The private sector was at its infancy when Nigeria inherited its colonial capitalist economy at independence. With the first coming of the military in 1966, Nigeria, in line with the policy of non-alignment, adopted a hybrid of state capitalism and socialism with significant private participation. In 1973, the military government introduced and rolled out an Indigenization Decree which nationalised operations run by multinational corporations and brought them under state control. The result was the proliferation of more 1,000 state run enterprises funded by Nigeria’s new found oil wealth. However, the crash of international oil prices in the early 1980’s, dwindling annual profits of state run enterprises and operational problems of nepotism, excessive bureaucracy, gross incompetence in management, lack of effective control and supervision by the Government among others made increased private participation in the national economy imperative. The response of the military administration of President Ibrahim Babangida to these challenges was the establishment of the Technical Committee on Privatization and Commercialization (TCPC) headed by the late Hamza Rafindadi Zayyad.

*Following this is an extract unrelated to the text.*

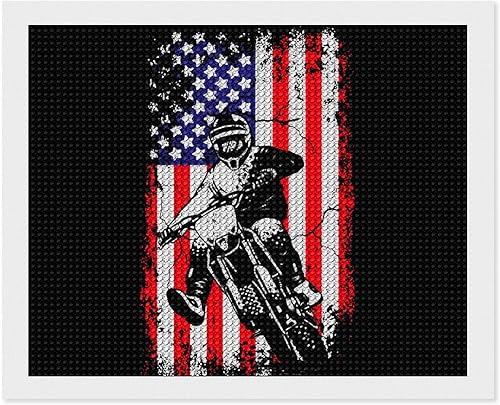 Dirt Bike - Kit de pintura de diamantes con la bandera estadounidense de motocross para adultos, taladro completo 5D, manualidades para decoración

Under Rafindadi, the TCPC was widely hailed for laying down enduring structures to ensure effective privatisation of state run enterprises. Its assignments and targets were the disposal of Government equities in the Nigerian capital market, the privatisation of commercial and merchant banks, cement companies etc. To build on these economic landmarks, the Bureau for Public Enterprises (BPE) was established in 1999 as a successor to the TCPC. The National Council on Privatisation (NCP) was also established as the supervising body to BPE. These two regulatory agencies on Nigeria’s privatisation were established through the promulgation of the Public Enterprises Privatisation and Commercialisation Act 1999. But as Nigerians have come to realise, the Obasanjo idea, typical of Nigerian standard practice, altered the original programme of privatisation.
As usual, nobody will be sanctioned for the fraud and, in typical Nigerian style, buck-passing and shadow-chasing have been the game. Do Nigerians have to wait for a ‘corrective regime’ to clear the mess? Should there be a problem in dealing with whoever derailed a programme that was widely hailed at inception? Our fingers are crossed!